MaterializeInc · aljoscha · Jan 27, 2025 · Jan 28, 2025 · Jan 28, 2025 · benesch
diff --git a/doc/developer/design/20250127_multi_replica_scheduling_singleton_sources.md b/doc/developer/design/20250127_multi_replica_scheduling_singleton_sources.md
@@ -0,0 +1,100 @@
+# Multi-Replica Scheduling for Singleton Sources (aka hot-standby sources)
+
+## Context
+
+We want to support zero-downtime ALTER CLUSTER (aka graceful cluster
+reconfiguration). The plan for this is to turn on a new replica with the
+changed parameters and turn off the old replica when the new one is
+"sufficiently ready". This in turn requires that we are able to run sources and
+sinks on multi-replica clusters. This document concerns sources, we are punting
+on sinks for now though we might use a very similar solution once we have
+addressed [storage: restarting a Sink should not require reading a snapshot of
+the input #8603
+](https://github.com/MaterializeInc/database-issues/issues/8603).
+
+For (UPSERT) Kafka sources we already have a solution in [Feedback
+UPSERT](https://github.com/MaterializeInc/materialize/pull/29718), which allows
+us to run Kafka sources concurrently. Singleton sources (Postgres and MySQL as
+of writing) cannot, as of now, run concurrently: they have state (a slot or
+similar) at the upstream system that cannot be shared by concurrent ingestions,
+running on different replicas. The good thing about these kinds of sources is
+that their running ingestion dataflow is virtually stateless, so restarting
+them is fast. We will use this latter fact in our approach to how we want to
+support running them on multi-replica clusters.
+
+The approach we want to take can be summarized as: change the storage
+controller to schedule stateless sources on only a single replica _and_ update
+that scheduling decision when the replica that is running a source is going
+away. See below for why we think this is a feasible and sufficient approach for
+a first implementation of this feature. As an aside, for (UPSERT) Kafka sources
+we can allow scheduling them on all replicas of a cluster.
+
+## Goals
+
+- Support running singleton sources on multi-replica clusters
+- Support zero-downtime ALTER on clusters
+
+## Non-Goals
+
+- Add a failure detection mechanism for replicas and update source scheduling
+  based on that
+- Changes to the storage protocol
+- Changes to how storage handles things on the `clusterd` side, for example to
+  make it handle concurrent singleton sources purely on the `clusterd`s without
+  the controller being involved
+
+## Rationale
+
+Initially, the main goal of supporting singleton sources on multi-replica
+clusters is to support zero-downtime ALTER. For this, the controller knows which
+replicas are being created and which are being retired, it is therefore enough
+to base scheduling decisions on that. If the goal were enable HA of sources
+running on multi-replica clusters, we would want to pursue a different approach
+were we really do figure out a way for these types of singleton sources to run
+concurrently, such that they can either a) very quickly take over when another
+instance fails, or b) truly run concurrently and write the output shard(s)
+collaboratively.
+
+## Grabbag of Questions
+
+Q: What happens when we accidentally try and schedule a concurrent ingestion
+dataflow for a singleton source? Say when the replica processes take longer than
+expected to shut down.
+
+A: This is caught by the mechanisms we already have today for making sure there
+is only one active ingestion dataflow. We need this for correctness in the face
+of upgrades, or failing/zombie `clusterd` pods. Today, source dataflows use the
+state in the upstream system (the slot) to fence out other readers.
+
+Q: What happens when `envd`/the controller restarts and doesn't know which
+replica a source is running on?
+
+A: The new controller will tell one replica to run the ingestion and
+reconciliation will make it so that only that replica _is_ running the source.

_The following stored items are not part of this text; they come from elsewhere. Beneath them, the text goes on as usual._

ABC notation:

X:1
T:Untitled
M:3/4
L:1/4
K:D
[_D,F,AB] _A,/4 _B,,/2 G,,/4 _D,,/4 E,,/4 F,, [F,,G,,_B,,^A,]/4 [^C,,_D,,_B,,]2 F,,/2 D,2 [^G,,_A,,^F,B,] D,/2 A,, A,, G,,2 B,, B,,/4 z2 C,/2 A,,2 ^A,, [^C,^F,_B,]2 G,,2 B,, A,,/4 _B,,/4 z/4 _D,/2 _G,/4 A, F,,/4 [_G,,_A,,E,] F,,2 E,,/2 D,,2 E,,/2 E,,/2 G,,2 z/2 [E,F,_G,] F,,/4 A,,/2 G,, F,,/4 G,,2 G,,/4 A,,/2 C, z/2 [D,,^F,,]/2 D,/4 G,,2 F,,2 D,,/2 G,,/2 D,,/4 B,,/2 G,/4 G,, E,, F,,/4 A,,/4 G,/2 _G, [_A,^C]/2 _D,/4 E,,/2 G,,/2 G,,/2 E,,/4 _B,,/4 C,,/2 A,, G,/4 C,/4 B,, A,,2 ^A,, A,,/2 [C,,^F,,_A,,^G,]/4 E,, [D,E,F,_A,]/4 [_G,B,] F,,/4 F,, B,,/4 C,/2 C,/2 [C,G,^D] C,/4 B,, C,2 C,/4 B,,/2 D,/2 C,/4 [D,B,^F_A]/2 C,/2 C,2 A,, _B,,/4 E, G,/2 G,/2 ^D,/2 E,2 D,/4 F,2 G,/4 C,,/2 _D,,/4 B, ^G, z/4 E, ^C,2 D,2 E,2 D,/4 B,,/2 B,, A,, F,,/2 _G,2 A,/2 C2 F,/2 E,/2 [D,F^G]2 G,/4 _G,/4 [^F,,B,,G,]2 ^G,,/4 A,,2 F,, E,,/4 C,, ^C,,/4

+If another replica was running the source, it would notice that it is no longer
+supposed to run it and stop. As mentioned above, we are optimizing for the case
+where there is only one replica running and short periods where we have two
+because of ALTER CLUSTER.
+
+## Implementation
+
+We're keeping this very light for now, but think that the initial implementation
+can be very bare bones. Most (all?) changes need to happen in
+[storage-controller/src/instance.rs](https://github.com/MaterializeInc/materialize/blob/2280405a2e1f8a44fa1c8f046a718c013ff7af6b/src/storage-controller/src/instance.rs#L73),
+where we have the knowledge about what replicas exist and when they are being
+created or destroyed.
+
+## Alternatives
+
+### Handle Collaboration in the source dataflow implementation
+
+We could change the source ingestion dataflows to handle concurrency internally.
+They could do something akin to leader election and/or us the state that they
+have at the upstream system (the slot or similar) to figure out who should be
+reading. They would need some sort of failure detection to figure out when/if to
+take over from the "leader" ingestion, which comes with its own collection of
+downsides.
+
+## Open Questions
+
+tbd!